[PROBLEM] Return the records, each one exactly as written.

══ INPUT

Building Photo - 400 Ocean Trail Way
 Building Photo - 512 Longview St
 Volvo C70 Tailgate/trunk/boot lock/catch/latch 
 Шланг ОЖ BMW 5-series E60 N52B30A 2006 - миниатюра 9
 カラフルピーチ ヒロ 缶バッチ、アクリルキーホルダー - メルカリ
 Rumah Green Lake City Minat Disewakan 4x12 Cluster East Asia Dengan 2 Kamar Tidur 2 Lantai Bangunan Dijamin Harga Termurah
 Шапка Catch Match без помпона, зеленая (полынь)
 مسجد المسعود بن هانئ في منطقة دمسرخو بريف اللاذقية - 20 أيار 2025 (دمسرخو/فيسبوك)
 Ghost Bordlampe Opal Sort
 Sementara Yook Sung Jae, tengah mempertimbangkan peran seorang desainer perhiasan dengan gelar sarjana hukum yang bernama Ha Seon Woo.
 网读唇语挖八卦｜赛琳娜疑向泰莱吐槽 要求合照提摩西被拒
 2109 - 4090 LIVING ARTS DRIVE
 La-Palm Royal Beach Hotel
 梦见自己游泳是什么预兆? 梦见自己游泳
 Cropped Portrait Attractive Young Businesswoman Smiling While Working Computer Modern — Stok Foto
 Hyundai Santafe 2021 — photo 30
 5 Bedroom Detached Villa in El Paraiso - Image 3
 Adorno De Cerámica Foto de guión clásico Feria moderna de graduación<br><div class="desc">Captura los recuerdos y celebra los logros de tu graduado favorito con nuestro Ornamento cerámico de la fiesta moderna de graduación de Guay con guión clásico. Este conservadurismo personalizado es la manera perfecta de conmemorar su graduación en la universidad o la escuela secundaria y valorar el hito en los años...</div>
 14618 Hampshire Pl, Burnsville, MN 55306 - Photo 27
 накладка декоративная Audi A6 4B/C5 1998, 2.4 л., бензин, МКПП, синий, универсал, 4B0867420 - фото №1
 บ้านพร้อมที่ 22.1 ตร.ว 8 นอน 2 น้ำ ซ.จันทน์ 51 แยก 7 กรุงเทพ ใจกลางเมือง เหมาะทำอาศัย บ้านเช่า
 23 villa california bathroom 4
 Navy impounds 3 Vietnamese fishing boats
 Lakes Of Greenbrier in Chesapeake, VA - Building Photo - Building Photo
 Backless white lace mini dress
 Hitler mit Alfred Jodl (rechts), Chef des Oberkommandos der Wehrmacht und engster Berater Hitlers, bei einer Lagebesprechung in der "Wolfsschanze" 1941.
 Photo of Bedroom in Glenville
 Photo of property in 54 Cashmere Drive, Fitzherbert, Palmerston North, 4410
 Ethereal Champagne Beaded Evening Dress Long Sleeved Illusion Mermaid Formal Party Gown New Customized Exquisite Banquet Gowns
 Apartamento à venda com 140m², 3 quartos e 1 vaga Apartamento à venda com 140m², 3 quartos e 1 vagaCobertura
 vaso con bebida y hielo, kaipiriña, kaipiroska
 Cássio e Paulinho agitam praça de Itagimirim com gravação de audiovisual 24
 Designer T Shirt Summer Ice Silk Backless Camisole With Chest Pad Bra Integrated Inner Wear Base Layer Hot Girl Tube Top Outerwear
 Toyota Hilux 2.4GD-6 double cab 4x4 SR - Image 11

════

[ANSWER AREA]
Building Photo - 400 Ocean Trail Way
 Building Photo - 512 Longview St
 Volvo C70 Tailgate/trunk/boot lock/catch/latch 
 Шланг ОЖ BMW 5-series E60 N52B30A 2006 - миниатюра 9
 カラフルピーチ ヒロ 缶バッチ、アクリルキーホルダー - メルカリ
 Rumah Green Lake City Minat Disewakan 4x12 Cluster East Asia Dengan 2 Kamar Tidur 2 Lantai Bangunan Dijamin Harga Termurah
 Шапка Catch Match без помпона, зеленая (полынь)
 مسجد المسعود بن هانئ في منطقة دمسرخو بريف اللاذقية - 20 أيار 2025 (دمسرخو/فيسبوك)
 Ghost Bordlampe Opal Sort
 Sementara Yook Sung Jae, tengah mempertimbangkan peran seorang desainer perhiasan dengan gelar sarjana hukum yang bernama Ha Seon Woo.
 网读唇语挖八卦｜赛琳娜疑向泰莱吐槽 要求合照提摩西被拒
 2109 - 4090 LIVING ARTS DRIVE
 La-Palm Royal Beach Hotel
 梦见自己游泳是什么预兆? 梦见自己游泳
 Cropped Portrait Attractive Young Businesswoman Smiling While Working Computer Modern — Stok Foto
 Hyundai Santafe 2021 — photo 30
 5 Bedroom Detached Villa in El Paraiso - Image 3
 Adorno De Cerámica Foto de guión clásico Feria moderna de graduación<br><div class="desc">Captura los recuerdos y celebra los logros de tu graduado favorito con nuestro Ornamento cerámico de la fiesta moderna de graduación de Guay con guión clásico. Este conservadurismo personalizado es la manera perfecta de conmemorar su graduación en la universidad o la escuela secundaria y valorar el hito en los años...</div>
 14618 Hampshire Pl, Burnsville, MN 55306 - Photo 27
 накладка декоративная Audi A6 4B/C5 1998, 2.4 л., бензин, МКПП, синий, универсал, 4B0867420 - фото №1
 บ้านพร้อมที่ 22.1 ตร.ว 8 นอน 2 น้ำ ซ.จันทน์ 51 แยก 7 กรุงเทพ ใจกลางเมือง เหมาะทำอาศัย บ้านเช่า
 23 villa california bathroom 4
 Navy impounds 3 Vietnamese fishing boats
 Lakes Of Greenbrier in Chesapeake, VA - Building Photo - Building Photo
 Backless white lace mini dress
 Hitler mit Alfred Jodl (rechts), Chef des Oberkommandos der Wehrmacht und engster Berater Hitlers, bei einer Lagebesprechung in der "Wolfsschanze" 1941.
 Photo of Bedroom in Glenville
 Photo of property in 54 Cashmere Drive, Fitzherbert, Palmerston North, 4410
 Ethereal Champagne Beaded Evening Dress Long Sleeved Illusion Mermaid Formal Party Gown New Customized Exquisite Banquet Gowns
 Apartamento à venda com 140m², 3 quartos e 1 vaga Apartamento à venda com 140m², 3 quartos e 1 vagaCobertura
 vaso con bebida y hielo, kaipiriña, kaipiroska
 Cássio e Paulinho agitam praça de Itagimirim com gravação de audiovisual 24
 Designer T Shirt Summer Ice Silk Backless Camisole With Chest Pad Bra Integrated Inner Wear Base Layer Hot Girl Tube Top Outerwear
 Toyota Hilux 2.4GD-6 double cab 4x4 SR - Image 11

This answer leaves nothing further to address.